_Prompt_:
Print exactly, and only, the lines from the one that has "Hotel Kim Oanh Orchids Hotel, Dalat, photo" through the end of the material below, with both ends included and the pictures omitted.
─── Entries supplied
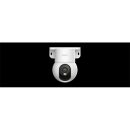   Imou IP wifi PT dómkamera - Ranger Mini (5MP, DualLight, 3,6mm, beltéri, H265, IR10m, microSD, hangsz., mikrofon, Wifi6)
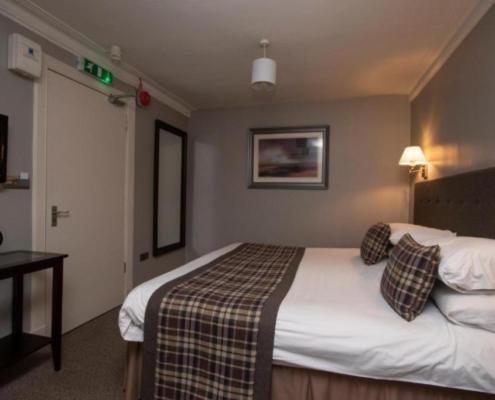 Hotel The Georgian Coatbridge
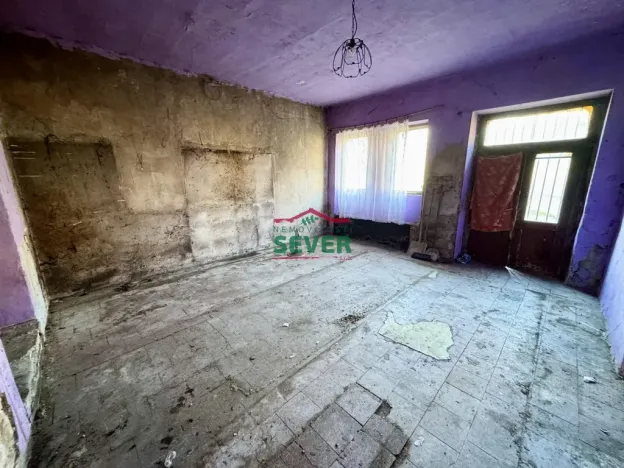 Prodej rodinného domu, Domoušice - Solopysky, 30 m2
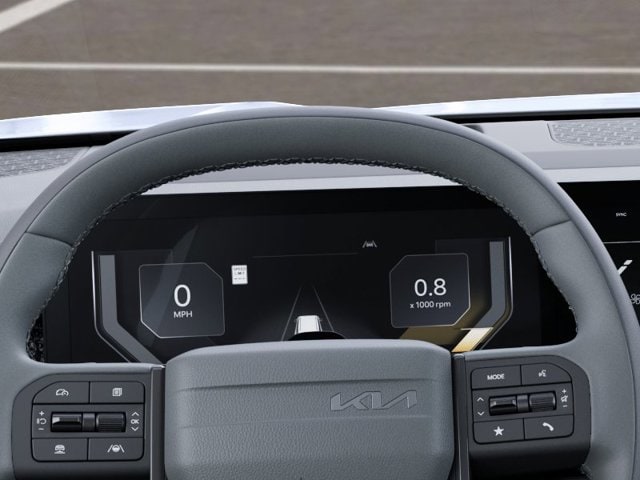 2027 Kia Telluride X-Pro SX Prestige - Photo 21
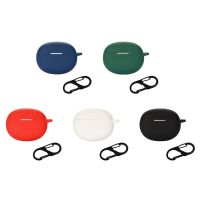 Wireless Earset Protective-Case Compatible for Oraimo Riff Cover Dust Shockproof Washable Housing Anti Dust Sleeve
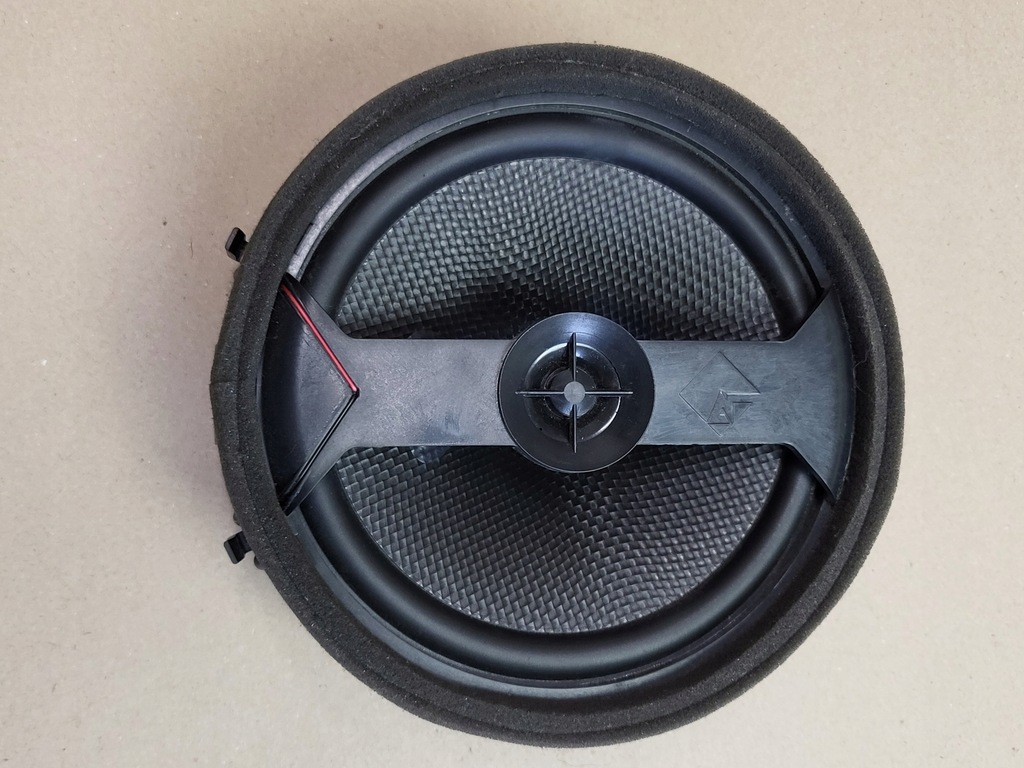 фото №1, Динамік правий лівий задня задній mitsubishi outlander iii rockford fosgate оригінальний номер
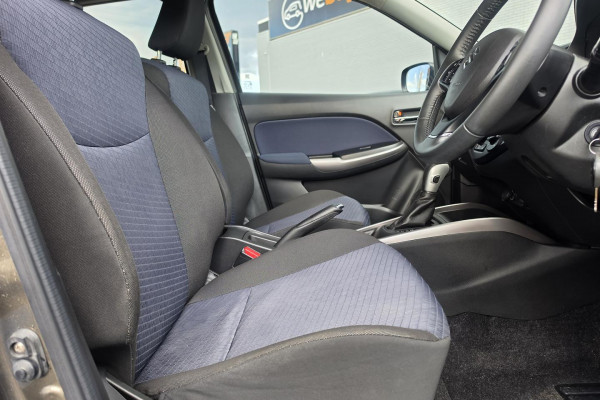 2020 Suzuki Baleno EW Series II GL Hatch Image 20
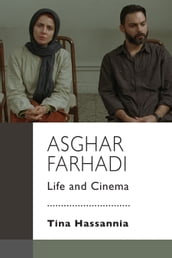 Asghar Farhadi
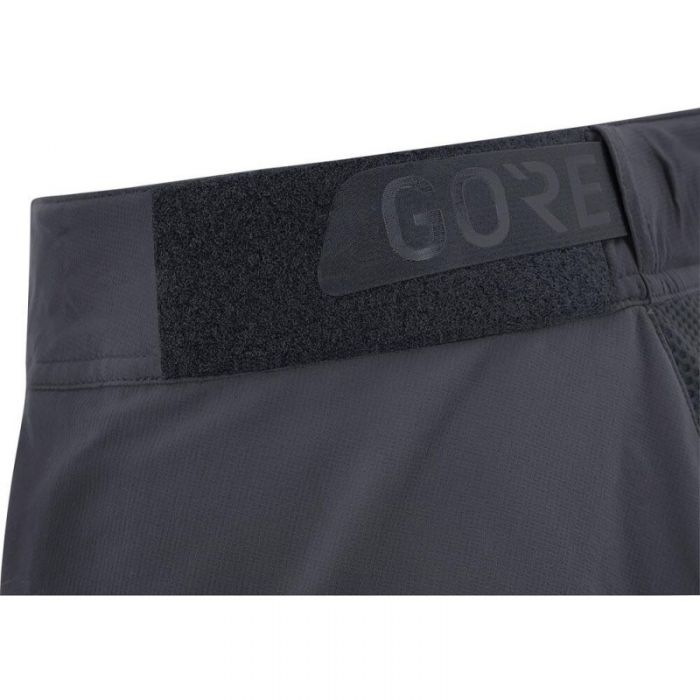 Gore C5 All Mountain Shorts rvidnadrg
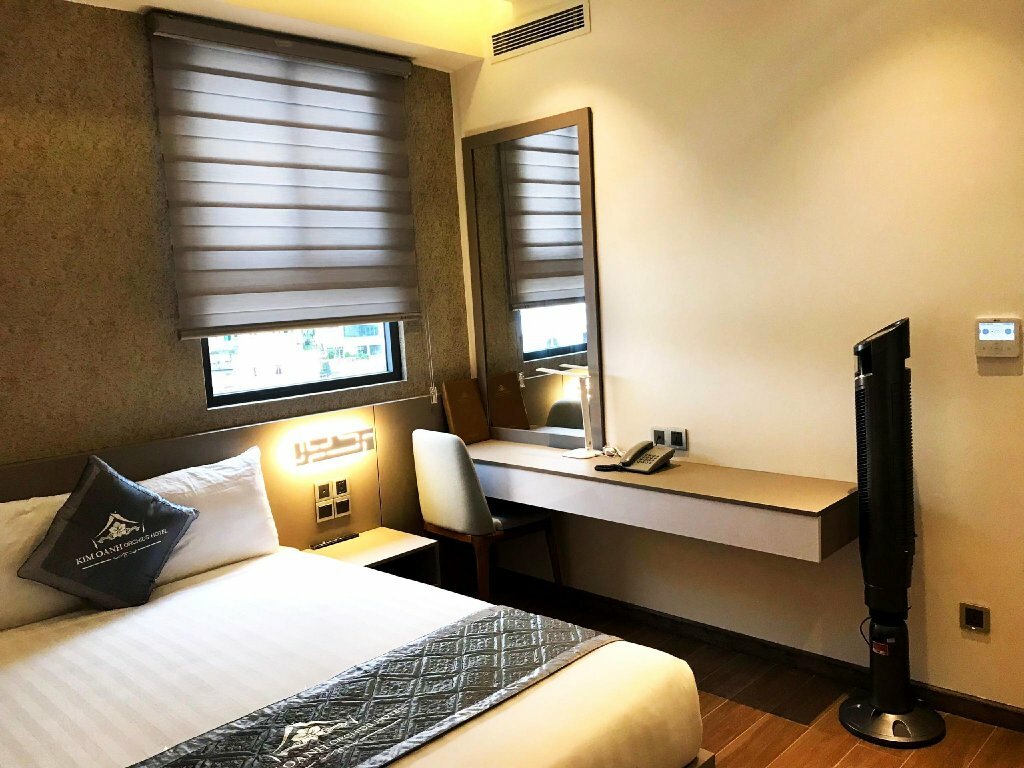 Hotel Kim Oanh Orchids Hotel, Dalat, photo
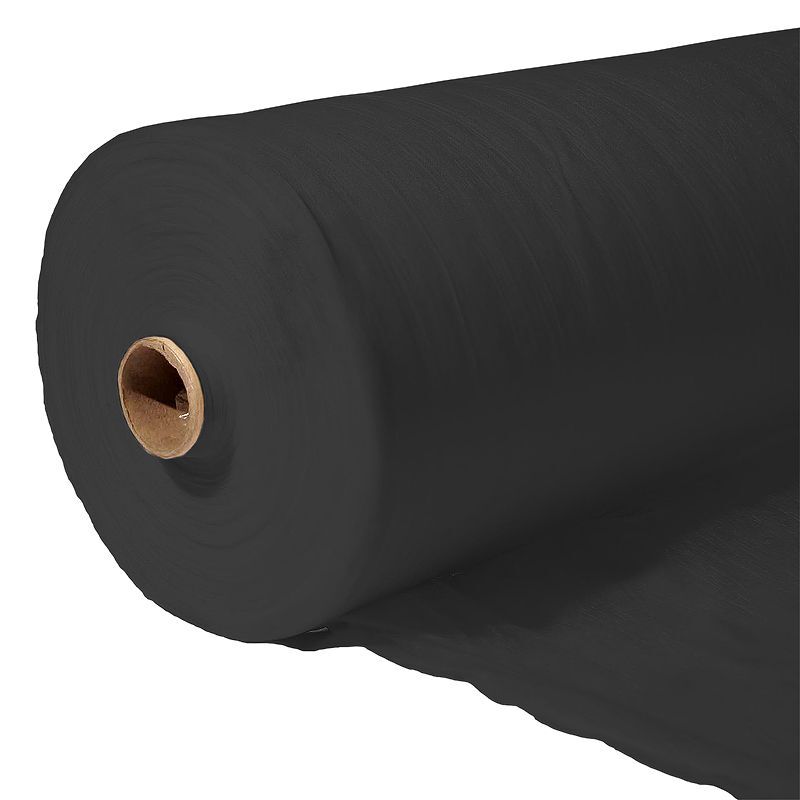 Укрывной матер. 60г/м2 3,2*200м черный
──────
_Expected output_:
 Hotel Kim Oanh Orchids Hotel, Dalat, photo
 Укрывной матер. 60г/м2 3,2*200м черный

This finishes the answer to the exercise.